Notation souveraine : le Maroc met à l’épreuve sa crédibilité budgétaire

Le 26 septembre, S&P livrera son verdict sur la qualité de la signature souveraine du Maroc. Au-delà de l’appréciation des marchés, l’échéance déterminera si l’économie s’abrite, ou non, sous le parapluie des perspectives du Mondial 2030.
L’agence de notation S&P se prononcera prochainement (le 26 septembre) sur la qualité de la dette nationale, une échéance qui pèsera sur l’examen des équilibres budgétaires. Mais, à vrai dire, c’est aussi une mise à l’épreuve pour déterminer si l’économie s’abrite, ou non, sous le parapluie des perspectives du Mondial 2030.
«La Coupe du monde répond à des objectifs, entre autres, diplomatiques et symboliques. Mais l’expérience internationale montre que l’organisation de tels événements ne garantit pas une performance économique durable. Le Maroc demeure confronté à des déficits persistants dans l’éducation et la santé, et c’est là que devraient se concentrer les efforts lorsqu’il s’agit de répondre aux attentes de la population», observe l’économiste Mohamed Harakat.
Au-delà du constat largement partagé dans le cercle des économistes, le verdict attendu ne portera pas seulement sur l’état des comptes publics. Il évaluera la capacité du tissu économique à inscrire ses engagements dans le temps et à préserver la confiance des investisseurs.
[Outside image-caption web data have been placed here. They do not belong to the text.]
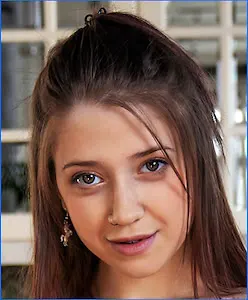 Leah Dimitrescu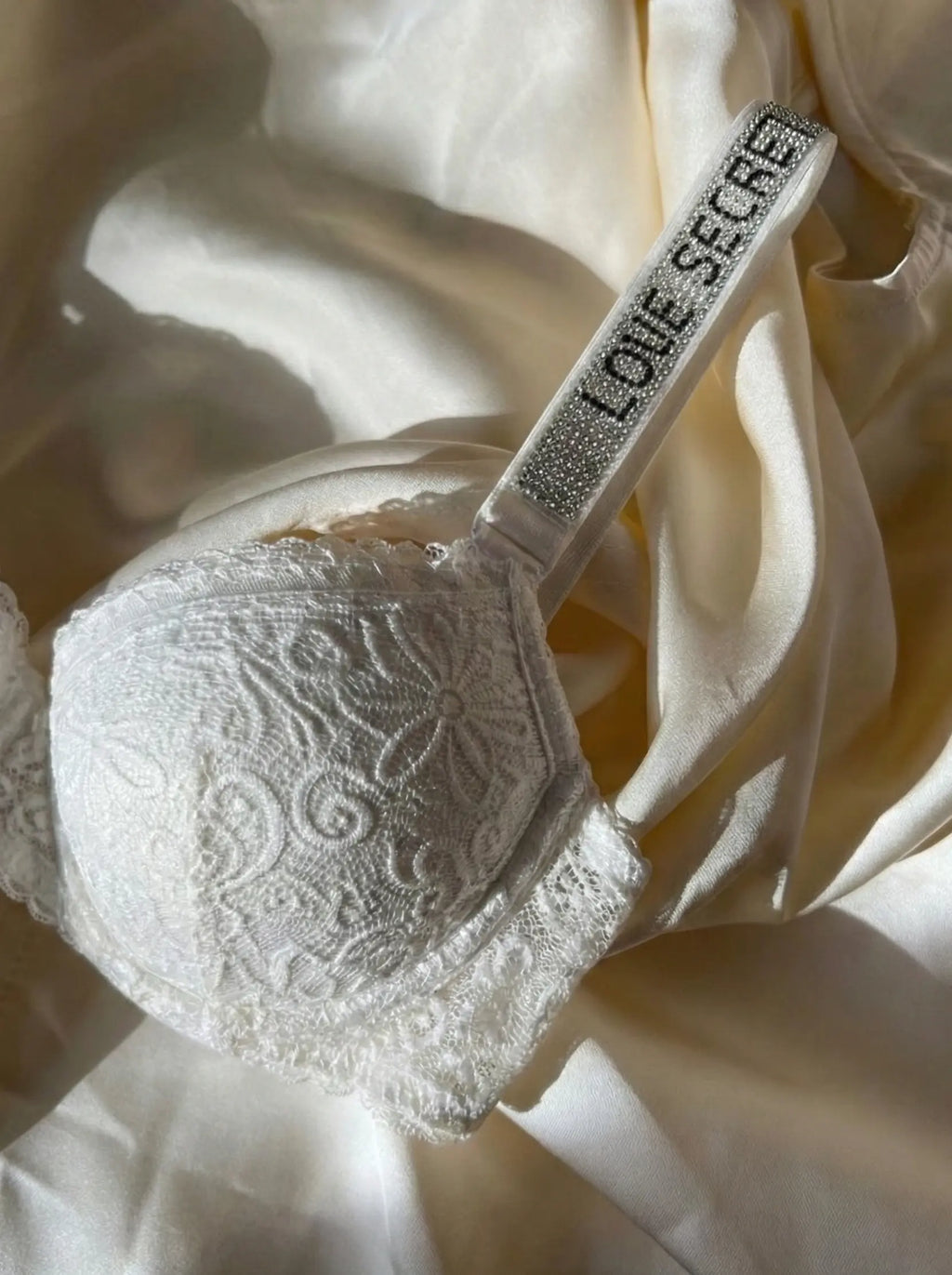 Love Secret Beyaz Dantel Takım Sheen Studios®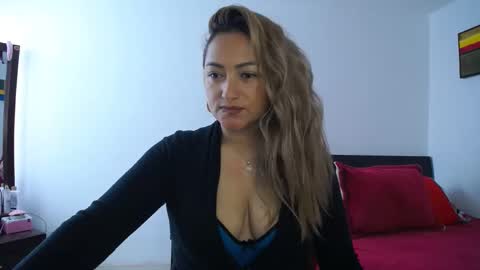 Snapshot of abie_spicy_ chatting on April 6, 1:45 pm ximena online show from April 6, 1:45 pm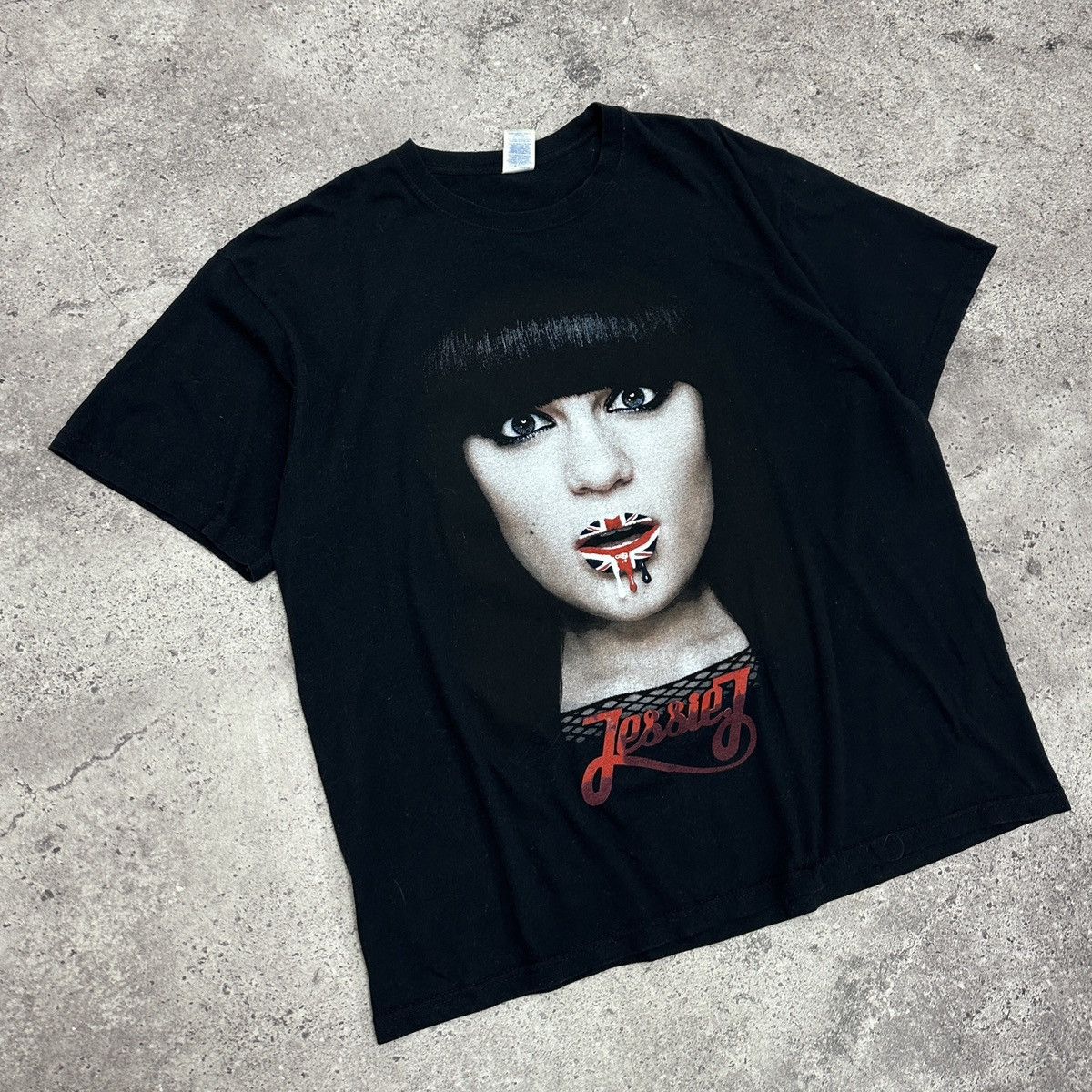 Band Tees Vintage 00s Jessie J Heart Beat Tour 2011 tee y2k Rose UK Size US XL / EU 56 / 4 - 4 Thumbnail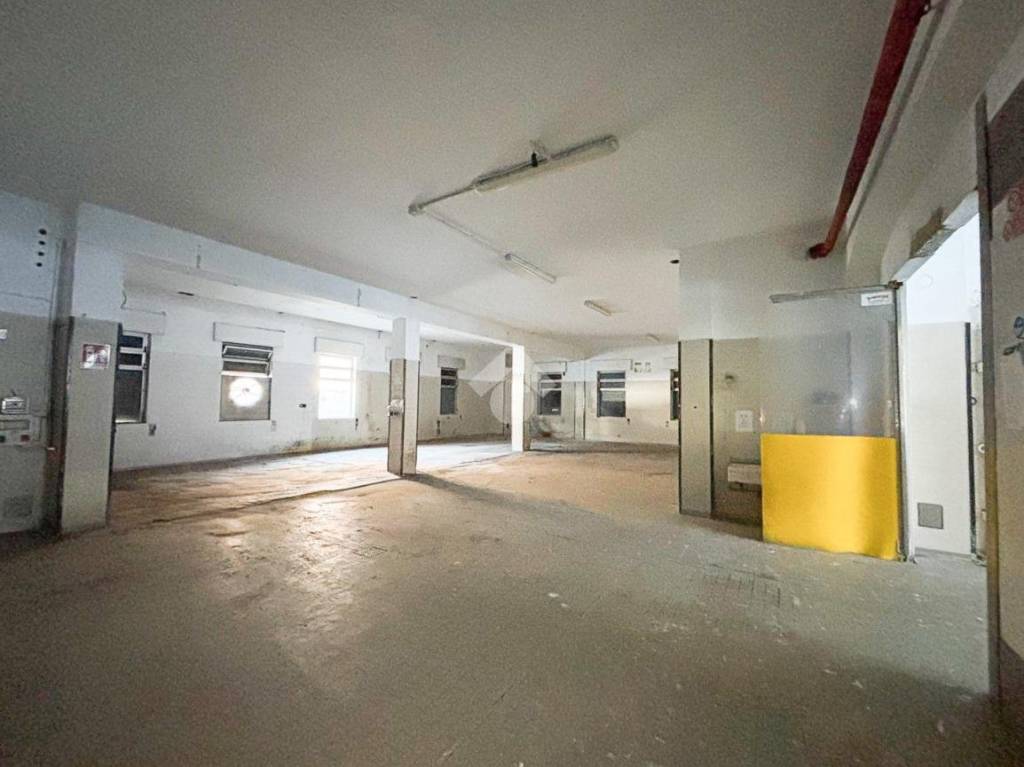 locale commerciale in vendita a Ballabio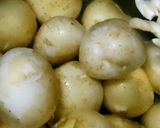 صورة لخطوة 1 من وصفة بطاطس 🥔بالكسبره للعشاء او الفطار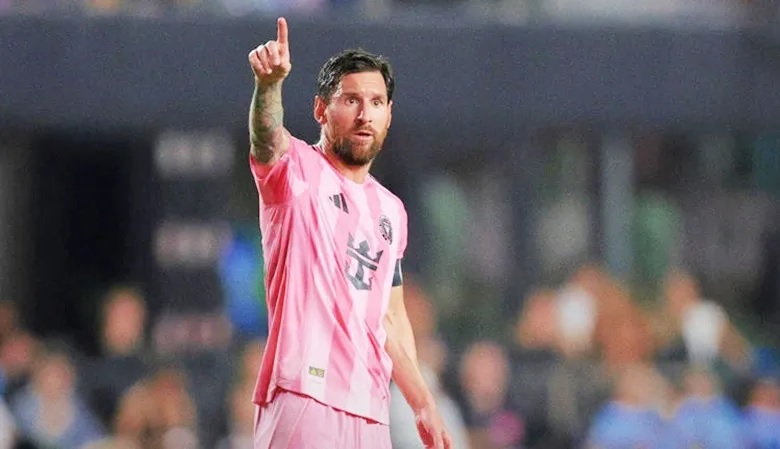 Messi vượt qua Ronaldo với kỷ lục ghi bàn mới - Ảnh 1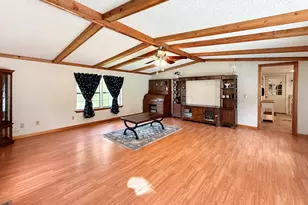125 Ridgecrest Ln, Wewahitchka, FL 32465 - Photo 2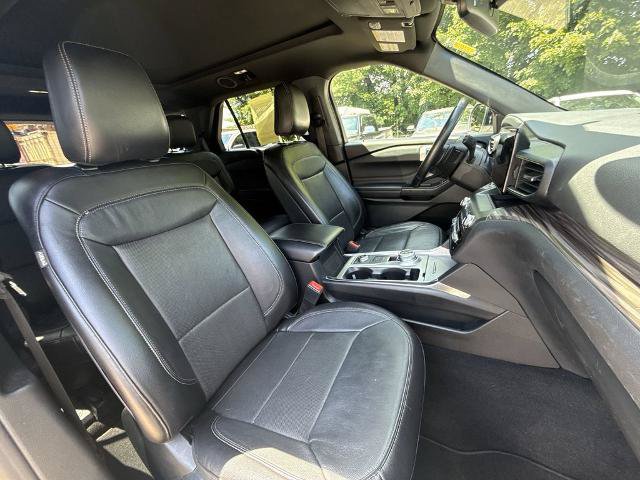 Certified 2020 Ford Explorer Limited w/ Class III Trailer Tow Package AWD/4WD image 25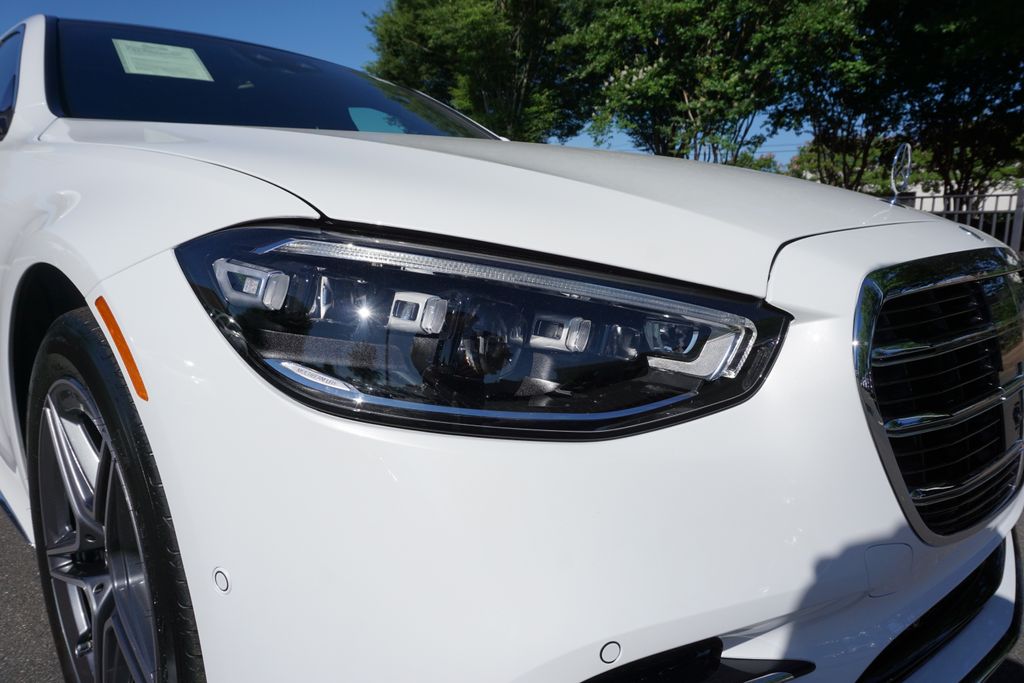 Vehicle image 10 of 73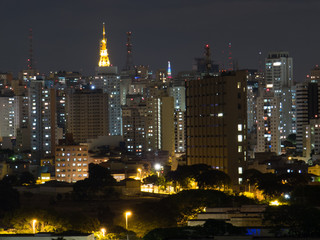 Fototapeta na wymiar beautiful nightfall in the illuminated city, São Paulo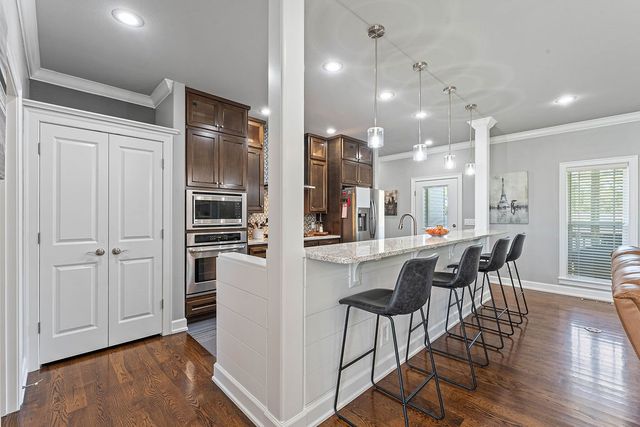 2901 W Dogwood Street, Rogers, AR 72758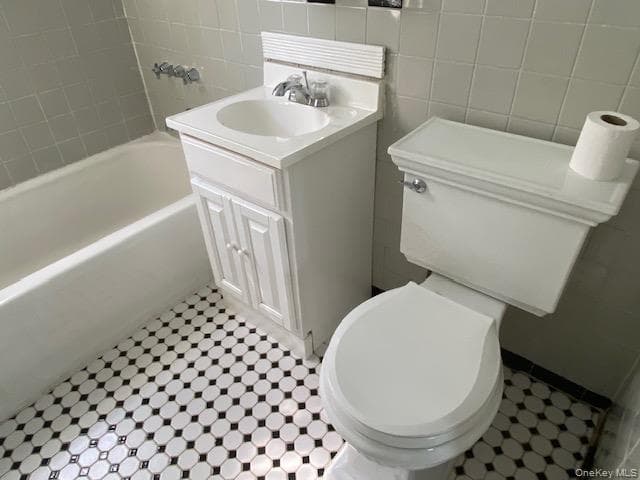 245-39 77th Crescent Unit: F-2 thumbnail 9
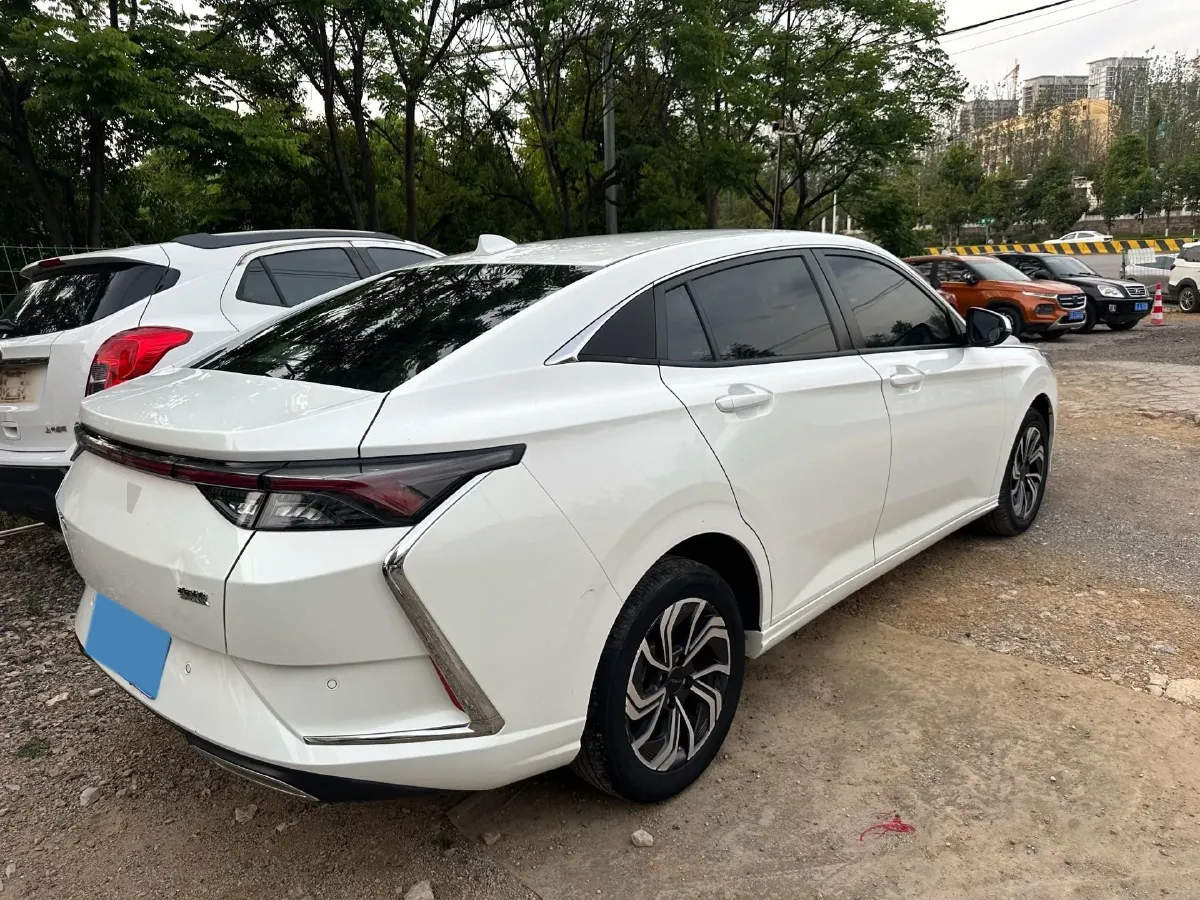 2021 DongFeng Aeolus YiXuan 1.5T 150HP L4 6DCT,autocango,china used car exporter,china ev exporter,chinese used car exporter,chinese used ev exporter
«Nous sommes face à un problème de gouvernance. Tant que l’économie reste dominée par des positions de rente et un accès inégal au financement, la notation traduira ces fragilités», analyse Harakat.
Mais c’est sans occulter la particularité de la dette nationale dont la structure interne contribue à asseoir une «certaine crédibilité budgétaire», au-delà de l’appréciation des marchés.
Selon le dernier rapport annuel de Bank Al-Maghrib, «la dette publique directe du Trésor s’est établie à 67,7% du PIB en 2024, soit 1.081,6 milliards de dirhams. L’essentiel de l’encours est porté par le marché intérieur, à hauteur de 50,8% du PIB, contre 16,9% pour la dette extérieure».
Stabilité apparente
Cette répartition limite l’exposition aux aléas de change et assure une diversification des créanciers, qu’il s’agisse des banques, assureurs ou organismes de prévoyance. Le caractère singulier de l’endettement national se manifeste également dans la gestion de la dette. Force est de constater que les échéances de remboursement s’allongent, ce qui réduit le risque de refinancement et offre au Trésor une visibilité accrue à moyen terme.
Le coût moyen de la dette demeure pour sa part contenu, en dépit de la remontée des taux internationaux. L’apparente stabilité ne saurait masquer certaines fragilités. Rappelons que la dette extérieure représente 16,9% du PIB, soit près de 270 milliards de dirhams, avec un coût qui s’alourdit avec la remontée des taux internationaux. «Notre modèle de développement repose encore largement sur l’endettement extérieur. La question n’est pas de savoir si nous devons emprunter, mais comment ces crédits répondent réellement aux attentes de la population.»
Dans ce contexte, la soutenabilité ne dépend pas seulement des volumes levés sur les marchés mais aussi de la capacité à préserver un matelas de sécurité en devises. Les réserves de change couvrent environ cinq mois d’importations, un niveau jugé correct par l’institution dirigée par Abdellatif Jouahri mais qui pourrait se révéler insuffisant en cas de choc prolongé sur la facture énergétique ou sur les échanges commerciaux. «La notation ne se résume pas à un ratio d’endettement, elle tient aussi à la capacité du pays à absorber un choc externe sans voir ses équilibres se dégrader», tempère, pour sa part, un analyste.
Exposition aux aléas extérieurs
En cela, le verdict de S&P viendra apprécier une économie qui présente des comptes plus équilibrés tout en demeurant exposée aux aléas extérieurs. Le Maroc se situe aujourd’hui au seuil haut du non-investment grade, avec une note BB+ assortie d’une perspective positive, après avoir réduit son déficit, stabilisé sa dette et ramené l’inflation à un niveau modéré. Des avancées qui devront désormais s’inscrire dans la durée pour convaincre les investisseurs. Mais derrière ces ajustements, la soutenabilité de la dette demeure l’objet de nombreuses interrogations.
«La dette ampute déjà près de quatre points de croissance. Jusqu’à quand le pays pourra-t-il en supporter le service sans compromettre ses marges de développement ?», interroge Oussama Ouassini, spécialiste en intelligence économique.
L’enjeu ne se réduit plus aux ratios budgétaires. Il porte désormais sur la nature des investissements, qui devront démontrer leur capacité à s’autofinancer, ainsi que sur la rationalisation d’un appareil public dont la masse salariale continue de peser lourdement sur les finances.